Architecture¶
Rivet separates what to compute from how and where. This page explains how the core abstractions fit together.
High-Level Overview¶
graph TB
subgraph User["User Layer"]
SQL["SQL Joint Files<br/>.sql with rivet: headers"]
Config["rivet.yaml<br/>Catalogs & Engines"]
end
subgraph Core["rivet-core"]
Compiler["Compiler<br/>Parse headers, resolve DAG"]
Optimizer["Optimizer<br/>Pushdown & cross-joint planning"]
Executor["Executor<br/>Orchestrate execution"]

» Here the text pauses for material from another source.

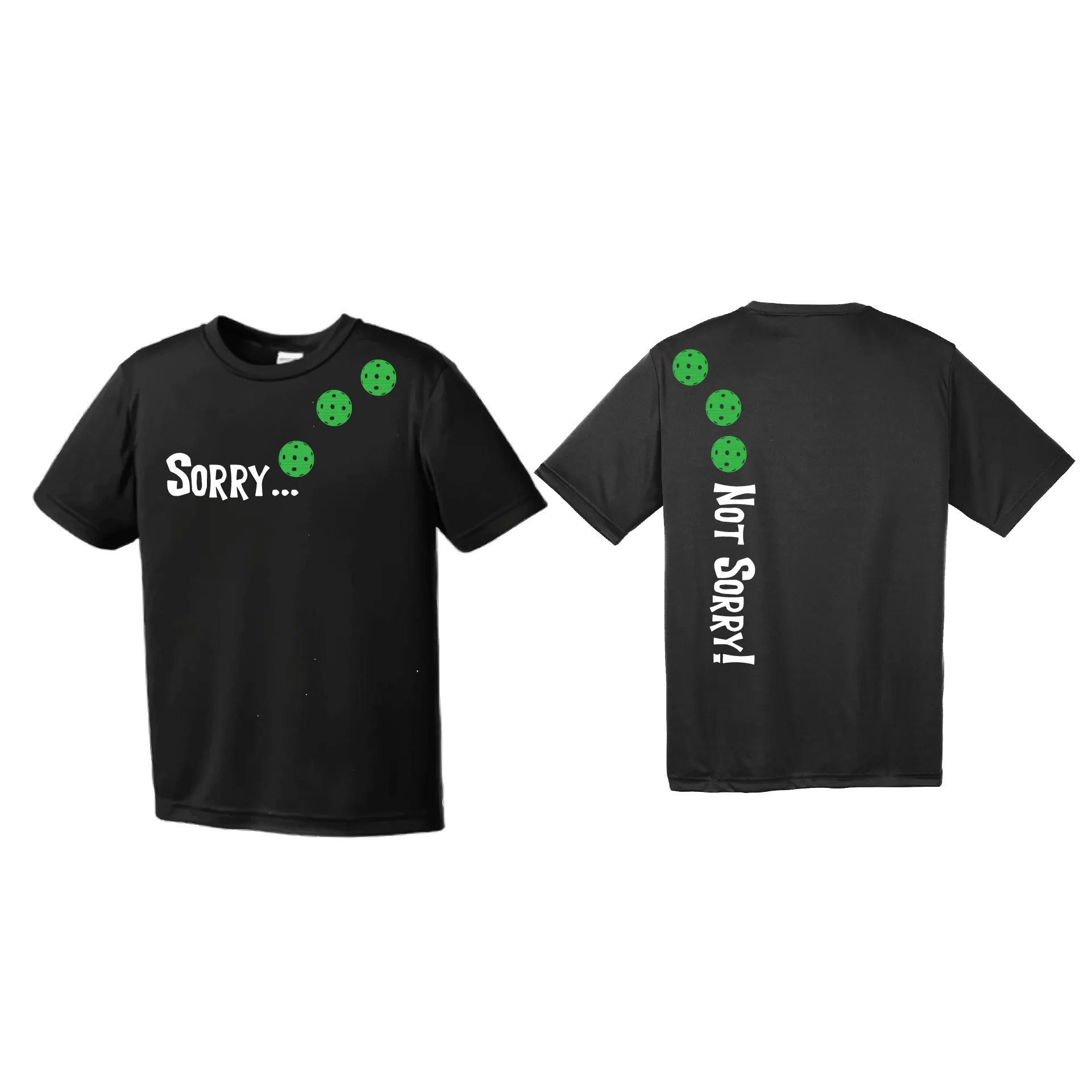 Sorry Not Sorry (Pickleballs Cyan Green Orange) | Youth Short Sleeve Pickleball Shirts | 100% Polyester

Assembly["Assembly<br/>Resolved pipeline graph"]
end
subgraph Plugins["Engine Plugins"]
DuckDB["rivetsql-duckdb"]
Polars["rivetsql-polars"]
PySpark["rivetsql-pyspark"]
Postgres["rivetsql-postgres"]
AWS["rivetsql-aws"]
Databricks["rivetsql-databricks"]
end
subgraph Catalogs["Catalog Layer"]
Local["Local Files<br/>Parquet, CSV, Delta"]
Cloud["Cloud Storage<br/>S3, GCS"]
DB["Databases<br/>Postgres, DuckDB"]
Unity["Unity Catalog<br/>Databricks"]
end
SQL --> Compiler
Config --> Compiler
Compiler --> Assembly
Assembly --> Optimizer
Optimizer --> Executor
Executor --> DuckDB
Executor --> Polars
Executor --> PySpark
Executor --> Postgres
Executor --> AWS
Executor --> Databricks
DuckDB --> Catalogs
Polars --> Catalogs
PySpark --> Catalogs
Postgres --> DB
AWS --> Cloud
Databricks --> Unity
Compilation Pipeline¶
flowchart LR
A["SQL Files"] --> B["Header Parser<br/>rivet: directives"]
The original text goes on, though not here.